Rome, Italy, Aug 25, 2005 / 22:00 pm
Pope Benedict XVI could travel to Poland in 2006, in a declaration from Bishop Kazimierz Nycz, to oversee the Polish Episcopal encounter in Czestochowa.
Bishop Nycz declared “the Polish Bishops invited Benedict XVI immediately after his election . The Bishops got an answer from the Pontiff saying he will make the pilgrimage next year.”
The close collaborators of the Pope “received orders to prepare this trip” he added, without any specifications or details on the visit. End of April, Polish head of State Alexander Kwasniewski had already officially invited Benedict XVI to visit the mother land of his predecessor John Paul II.”

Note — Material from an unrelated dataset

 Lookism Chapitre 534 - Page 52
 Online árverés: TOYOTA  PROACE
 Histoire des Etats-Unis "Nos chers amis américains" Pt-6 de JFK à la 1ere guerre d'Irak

“It would serve as an homage of all of us to John Paul II” who died on April 2nd”, “ a symbolic event of an other dimension. Today we have a representative of a neighboring country, Germany, at the head of the Church, a country with which through centuries of strenuous relations, we reconciled to build together a united Europe.”
On August 19, during a briefing for reporters at World Youth Day ceremonies in Cologne, papal spokesman Joaquin Navarro-Valls said that there were no plans in place for future papal trips abroad, but that some events could be set on Pope Benedict's schedule in the near future.